Oxide ion conductors require migration pathways for ions to pass through the lattice, typically via hopping through vacancy sites. The ease of this migration is dictated by both the bonding strength, and the structure (relative vacancy locations), with these characteristics guiding the ion conductivity and subsequently the minimum useful working temperature. The rare-earth oxides, with general formula A₂B₂O₇ (where A3+ is a rare-earth ion, and B4+ is a transition or p-block metal), have shown reasonable ion conductivity properties.
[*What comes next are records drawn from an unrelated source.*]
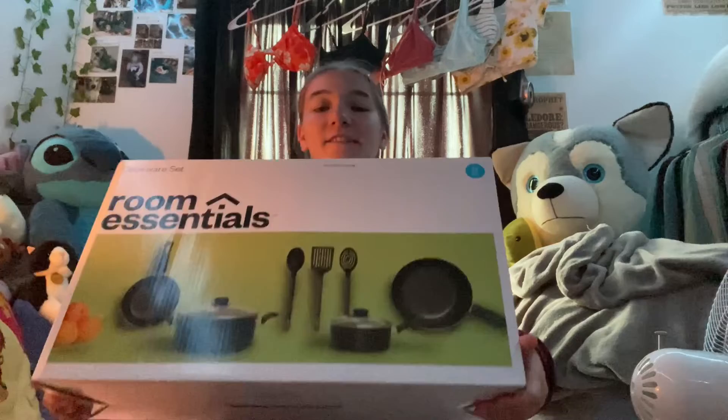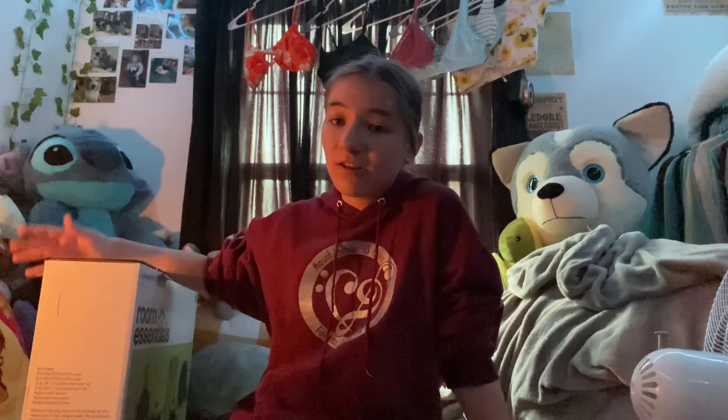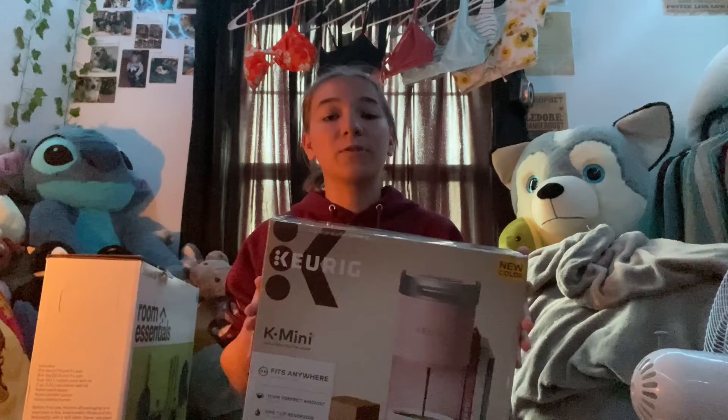I have three big things left. The first is a cookware set from Target — it comes with two pots, two pans, a spatula, a spoon, and one other utensil. It was originally $40 and on sale for $27. I've been looking everywhere for a pot and didn't want to spend $50 on just one, so this was a good deal. The next thing is a dusty rose Keurig mini from Amazon. I'm planning to get Swiss Miss hot chocolate K-cups from Staples because they're cheaper there than on Amazon.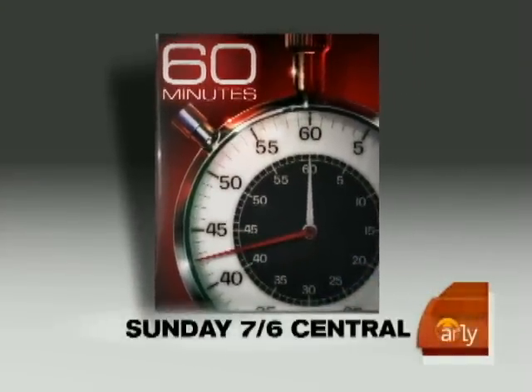You can see this story and much more on 60 Minutes this Sunday night at 7, 6 Central, right here on CBS.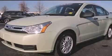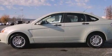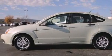This is a certified pre-owned 2010 Ford Focus. It has a 2.0-liter four-cylinder engine and an automatic transmission.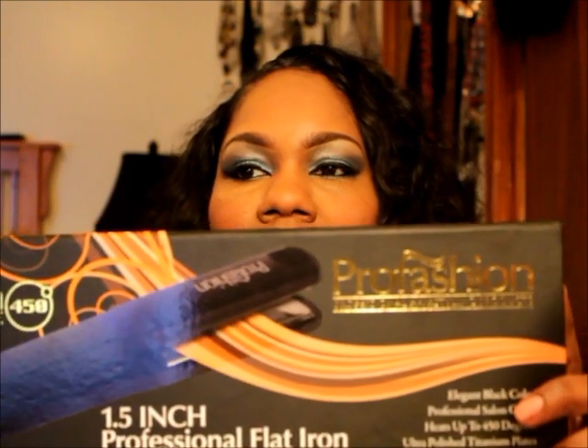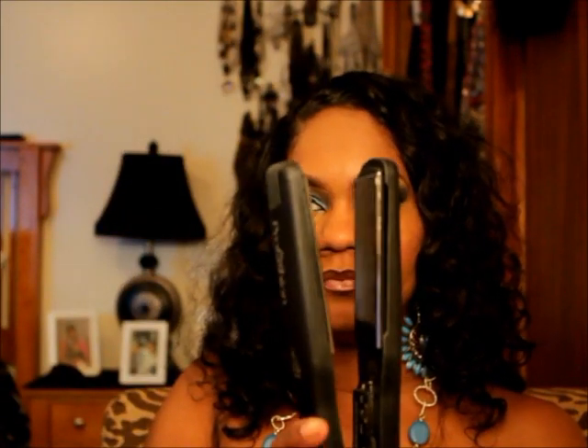I purchased this one-and-a-half inch titanium flat iron. I've been wanting one of these, so when I saw one at the hair show I just couldn't resist. It's really nice — it's titanium, has titanium plates, it goes up to 450 degrees. I used it today and it works great, so I was really happy to get this. It's from Pro Fashion.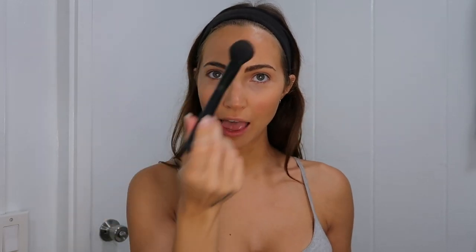Now I have a small e.l.f. blush brush. I pat it a couple times on the blush and tap off the excess. I'm normally in warm climates — I'm in Hawaii right now — so I like to add a little bit of blush down my nose and at the top of my forehead to give me that flushed and slightly sun-kissed look.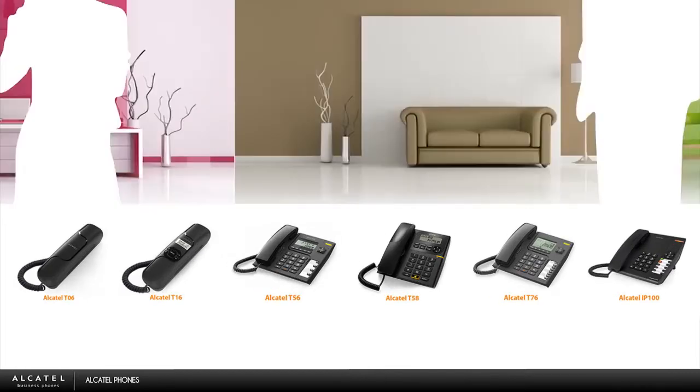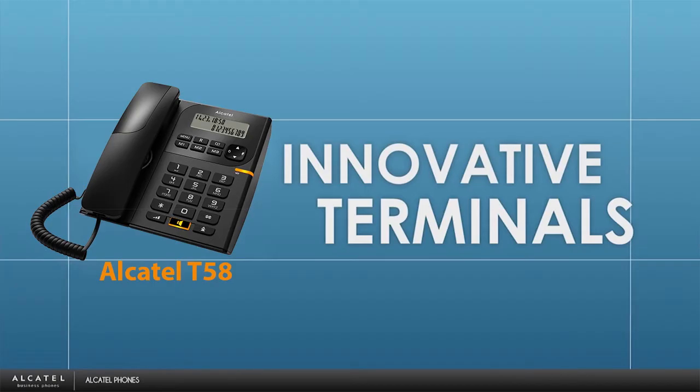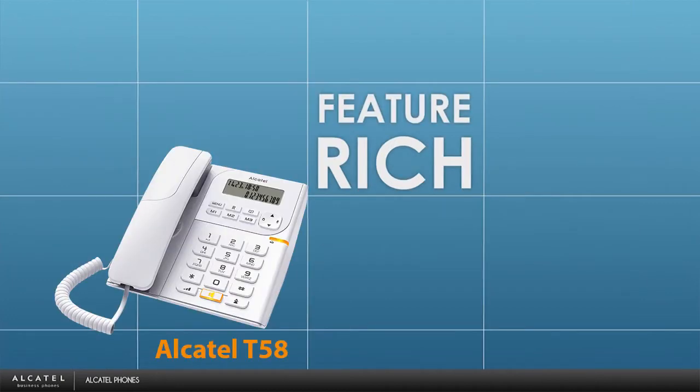Welcome to the world of Alcatel phones. Whether at home or at the office, you will love our innovative, feature-rich and state-of-the-art telephone.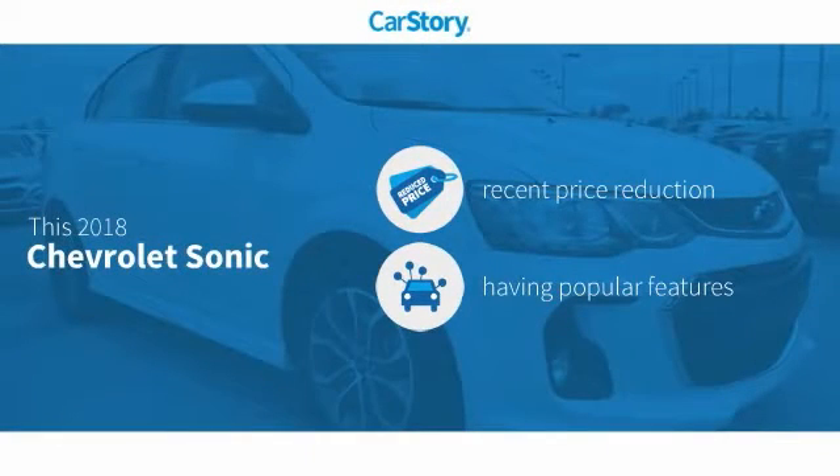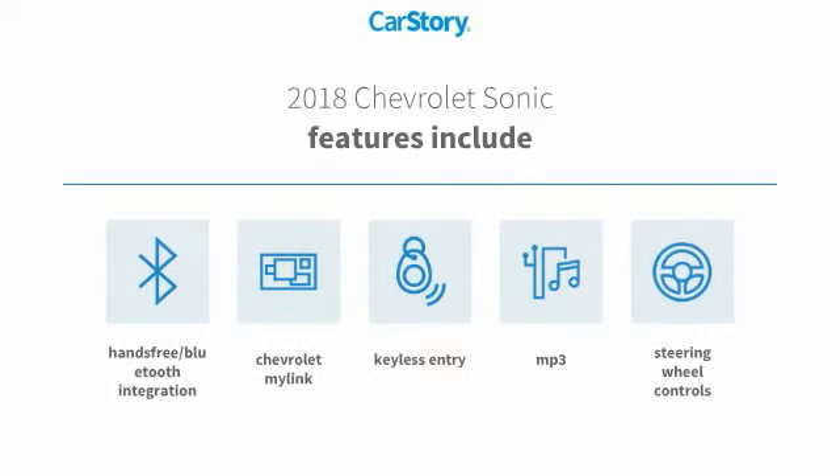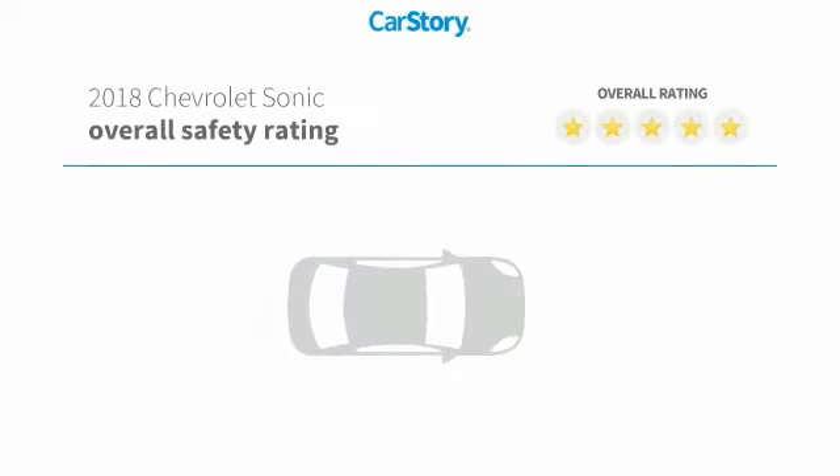Car Story Research indicates this vehicle as having a recent price reduction with popular features. Features also include keyless entry, steering wheel controls, hands-free Bluetooth integration, and MP3 with these ratings.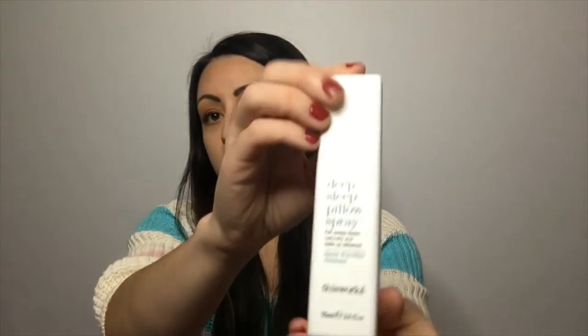The next thing is the Works Deep Sleep Calming Pillow Spray. It's a full size and a $29 value, which is pretty expensive. It's supposed to have a blend of lavender, chamomile, and vetiver — I can actually smell it through the bottle. I think I'm going to try this, just because sometimes I have a hard time falling asleep, and a really pleasant smell would probably help me relax.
These oxides show distinct structure types dependent on the A/B ion size ratio: rA/rB > 1.46 result in an ordered pyrochlore structure, and rA/rB < 1.46 results in a disordered defect-fluorite structure [1]. Probes of the ion local structure (spectroscopic methods), however, don’t show an abrupt change across this distinct structural-border [2]. Understanding the subtleties of the structural changes through this family is important for explaining the observed ion-conductivities [3]. In this short seminar I will show the results of our recent efforts to use a combination of neutron and X-ray diffraction, with small box pair-distribution-function analysis (xPDF and nPDF) to better understand the local structure evolution across the heavy rare-earth zirconates, A₂Zr₂O₇.

References

[1] J. Shamblin, M. Feygenson, J. Neuefeind, et al., Nat. Mater. 15, 507 (2016).

[2] P. E. R. Blanchard, R. Clements, B. J. Kennedy, et al., Inorg. Chem. 23, 41 (2012).

[3] M. Shafique, et al., J. Alloys Compd. 671, 226 (2016).